We moved in to our new flat earlier this year and upon completion paid the appropriate apportionment of the service charge. It has just turned out that the previous leaseholder had an outstanding balance of around £250. Since we were first time buyers, we had no idea that we should be checking it, besides I would have thought that solicitors normally take care of these things... One way or another. it looks like this debt has now been passed onto us. Could someone advise if there is any chance for me to recover that money somehow?
Go back to the solicitor who acted for you in the purchase of the flat and ask them if a retention was held pending end of year accounts. If there was a retention, you should be able to use this to pay the shortfall. If there is no shortfall, then the retention would normally be returned to the seller once the final accounts have been produced.
If no retention was held, you may have difficulties trying to claim the money back from the sellers. Again, you would need to contact your solicitor in order that they can revert to the seller's solicitor but it is notoriously difficult because the seller's solicitor would need to contact the seller, who may just ignore letters/phone calls.
This is exactly why retentions are normally held in a leasehold transaction, but sometimes a seller will refuse to agree to an allowance to cover a possible shortfall and a buyer may be so desperate to move in that they agree to exchange without the retention being in place.
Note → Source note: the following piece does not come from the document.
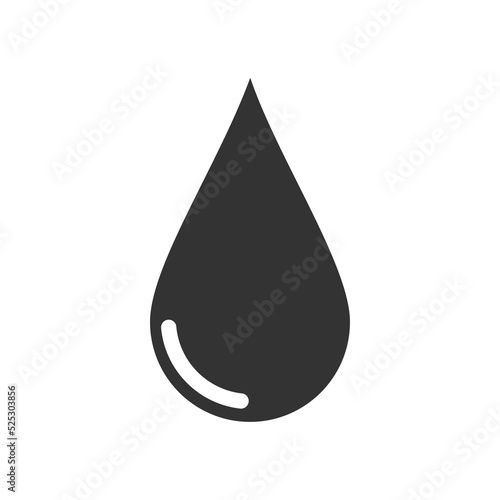 water drop icon. Vector illustration isolated on white background.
In this situation, you would struggle to reclaim the money without court proceedings.
This will almost certainly be part of your solicitors work. There will be a clause in your contract unless your solicitor is an idiot, which I doubt as it's a standard clause where it is leased flat. Do not worry,
The solicitor should have checked with freeholder/management company that all was up to date. Sometimes the lease requires written permission from fh for the sale to proceed anyway, so check your legal pack for any correspondence.